Thread: confused and hopelessly in love ...

  1. #1
    Join Date
    Jan 2006
    Posts
    4

    confused and hopelessly in love ...

    I'm a 23 year old guy head over heels in love with this gorgeous 18 yr old girl. We have a good understanding, both of us like each other, great companionship and stuff. Thing is that i've been hurt in previous relationships and have trust issues with the fairer sex, she on the other hand hasn't had a serious relationship thus far. She's shy & I hate to admit that I'm very shy as well I dont want to rush her or anything, but this state is killing me. She did agree that we should give it a shot but wants to keep this to ourselves for the moment. Says she doesnt want other people to interfere !!! (cant understand that). Its making me feel kind of insecure. A bit weird for me, meanwhile her friends are trying to fix her up with someone else and this irks me to no end. You might think this letter's from someone from the 1800's but shy people do still exist. I dont know how to handle this situation, how do i earn her trust, how do I instil confidence in her to accept me in all senses of the word (can i actually do that)?
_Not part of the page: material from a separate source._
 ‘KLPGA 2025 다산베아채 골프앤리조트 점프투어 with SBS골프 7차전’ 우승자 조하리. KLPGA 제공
    Has anyone gone through this kind of situation before?

    Alex.
    Last edited by chardude; 09-01-06 at 03:29 AM.

  2. #2
    Join Date
    Nov 2005
    Posts
    436
    ask her how and who would interfere if people knew you were interested in each other and wanted to start dating. it's no necessarily a big deal right now at all...but could be in the future.

    other than that...just take things slow. trust is built over time. eventually, she'll come to trust you if show yourself to be a trustworthy person.

  3. #3
    Join Date
    Jan 2006
    Posts
    4
    Hi Funsounds,

    Thanks for your reply. She's kind of under peer pressure from her flatmates, people she says dont really understand her. Personaly i'm not too fond of them, they have no clue of whats going on between us. I have no clue why she care so much about thier opinions, but i guess I would like her to sort herself out. Actually she does care about me I do know about that, she wants to take it nice and slow ... beileve me i'm very gentle and caring myself.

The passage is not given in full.